899 F. Supp. 353, 1995 U.S. Dist. LEXIS 13169, 1995 WL 548651
CourtDistrict Court, W.D. Michigan
DecidedAugust 18, 1995
Docket1:94-cv-00601
StatusPublished
Cited by1 cases

This text of 899 F. Supp. 353 (Teichman v. Espy) is published on Counsel Stack Legal Research, covering District Court, W.D. Michigan primary law. Counsel Stack provides free access to over 12 million legal documents including statutes, case law, regulations, and constitutions.

Bluebook
Teichman v. Espy, 899 F. Supp. 353, 1995 U.S. Dist. LEXIS 13169, 1995 WL 548651 (W.D. Mich. 1995).

Opinion

OPINION

QUIST, District Judge.

Plaintiff brought this action for declaratory relief to obtain judicial review of the United States Department of Agriculture’s (USDA) decision denying plaintiff relief under the Federal Tree Assistance Program (TAP), Food, Agriculture, Conservation, and Trade Act of 1990, Pub. Law No. 101-624 § 2255, 104 Stat. 3974 (1990).

Facts

The parties agree that the facts are not in dispute. Plaintiff has a fruit farm, and in the Spring of 1991, plaintiff lost almost 39 acres of apple trees, over 55% of his fruit farm, as a result of a fire blight epidemic. Fire blight is a highly infectious bacterial disease of apples, pears and other orchard crops. See Plaintiffs reply brief at 4.

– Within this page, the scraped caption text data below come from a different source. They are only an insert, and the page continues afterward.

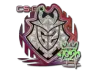 Sticker | G2 (Holo) | 2020 RMR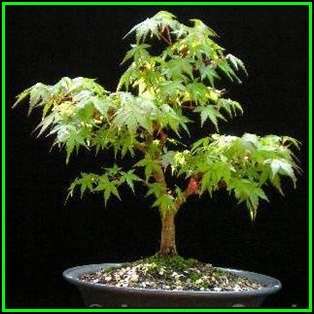 Acer palmatum - Japanese Maple Bonsai - 5 Seeds + FREE Gifts Seeds + Bonsai eBook, NEW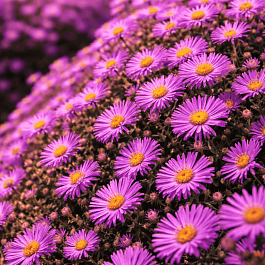 Астра кустарниковая Wood's Purple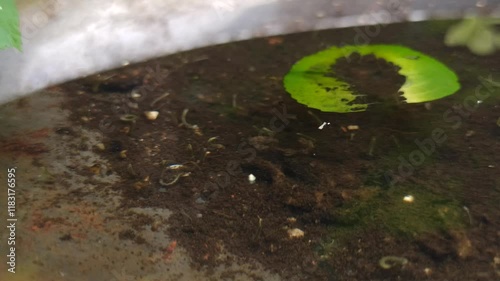 Mosquito larvae in puddles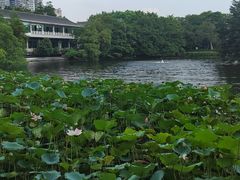 -荔湾湖公园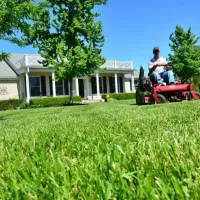 lawn_care_lawn_maintenance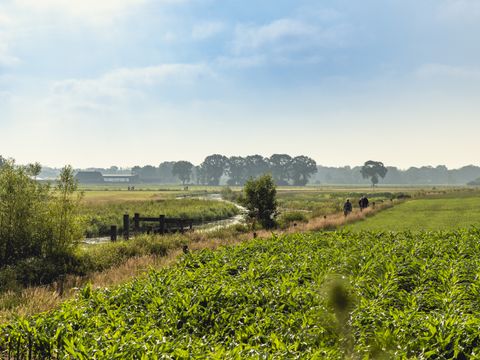Vakantiepark Mölke - Camping Wierden - Image N°32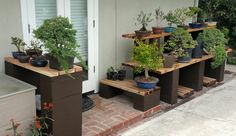 several potted plants sit on wooden shelves in front of a house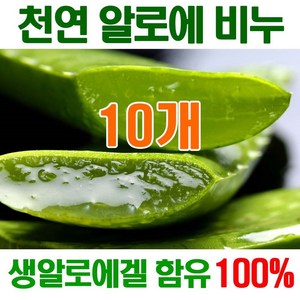 [오후5시 당일발송] 고농축 알로에비누 촉촉촉 보습진정 에너지 생 알로에천연비누 세수비누 비누 알로에 세안비누 천연 얼굴 YB맘, 100g, 10개입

*355 On February 7, 1992, plaintiff applied for disaster relief under the Tree Assistance Program (TAP), Food, Agriculture, Conservation, and Trade Act of 1990, Pub. Law No. 101-624 § 2255, 104 Stat. 3974 (1990) (FACT Act). TAP is administered by the USDA which directs the Secretary of Agriculture to provide assistance for replacement of trees lost “as a result of freeze, earthquake or related condition.” Food, Agriculture, Conservation, and Trade Act of 1990, Pub. Law No. 101-624 § 2255, 104 Stat. 3974 (1990).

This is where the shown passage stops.